▸ WORK INSTRUCTIONS: Without changing a thing, reproduce the entire listing and leave out its pictures.
(DATA EXCERPT)
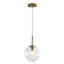 Luminaire suspendu sphère en verre 1 lumière
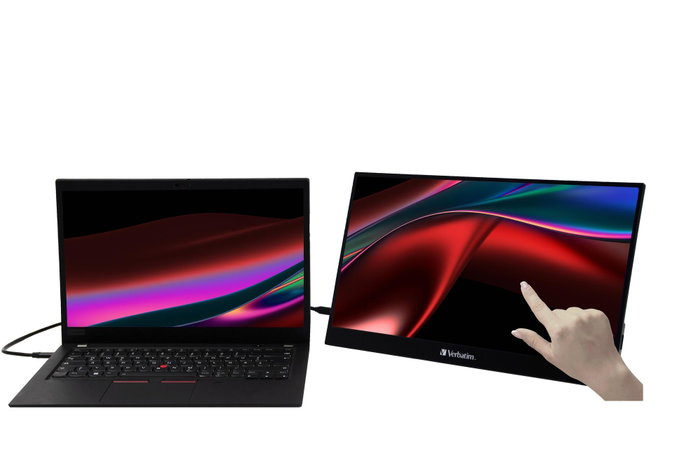 Verbatim PMT-15-4K Monitor Portátil Táctil 15.6 4K UHD Black Verbatim PMT-15-4K Monitor Portátil Táctil 15.6 4K UHD Black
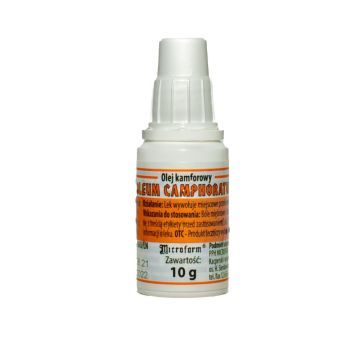 Oleum Camphoratum, roztwór na skórę, (Microfarm), 10 g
(End DATA EXCERPT)
▸ RESULT BELOW:
 Luminaire suspendu sphère en verre 1 lumière
 Verbatim PMT-15-4K Monitor Portátil Táctil 15.6 4K UHD Black Verbatim PMT-15-4K Monitor Portátil Táctil 15.6 4K UHD Black
 Oleum Camphoratum, roztwór na skórę, (Microfarm), 10 g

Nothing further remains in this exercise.